When do we think of gifts outside of our birthdays and Christmas? Outside of material things, what is our conceptualization of gifts?

Lewis Hyde expands the narrow and singularly commercial perspective of gifts and discusses their artistic, socioeconomic, political, and spiritual implications. Discuss seems like a more appropriate verb than simply write with this book because of its prominent dialectical tone. Hyde tells folk tales, quotes from the sacred texts of the Bible and Das Kapital, and converses at length with the ghosts of Walt Whitman and Ezra Pound.

Hyde’s writing emulates the ocean—with the dynamism and endless motion of waves at its surface balanced with a fundamental serenity in its depths. Hyde can be talking about the freedom and longing of country music one moment and the psychological appeal of Happy Meal toys the next but it is all unified by the brilliant simplicity of his prose.

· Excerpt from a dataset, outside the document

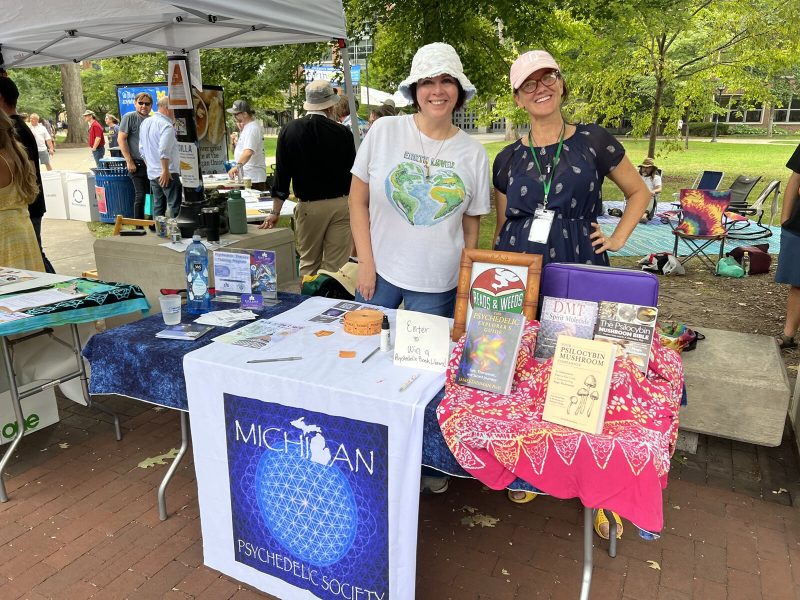 A table for the Michigan Psychedelic Society at Entheofest 2022.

A quote from Wendell Berry’s “The Specialization of Poetry” came to mind while reading this: “A distinguished writer is of course distinguished by his language, which is certainly his gift and his love. But his language is, after all, common tongue, to which his gift is uncommon grace and power, without his commonness he could not recognize or value his distinction.” (I didn’t think about the quote’s usage of gift but how serendipitous)

Aside from its quality of writing and unexpected breadth, The Gift revolves around a central question—how should an artist, with the understanding of their work and the distribution of it as a gift, relate to the market economy? As an aspiring professional writer myself, I’ve thought about this distracting question about how I will make money writing probably too much. And this book has gifted me with the realization that I need not worry about it at all.

While there will be a balance to be found at some point in the future, I must learn how to practice the “particular kind of unconsciousness: unanalytic, undialectical consciousness” that is necessary to develop my writing and produce the high-quality work that people would even pay for. The details will work themselves out.

I highly recommend this book for any artist or anyone who wants to read elite non-fiction writing.

Lingering Questions

How does our modern commercial conception of gift-giving holds up to Hyde’s definition?

Gifts that we give to friends, family or a partner are usually kept and not meant to be regifted or passed on, which would be seen as insult to the giver.Furthermore, givers in this commercial-Christimas-gifting situation don’t have to relinquish anything other than money, which is not the gift itself.

The people close to the giver also often tell them what they would like to receive, which seems to obfuscate the relationship between Hyde’s defintion and the modern defintion. All of these small trivial questions really just speak to a larger question of how we can apply Hyde’s interpretation of gift from all his sources to our culture and begin to practice gift-giving that truly builds community.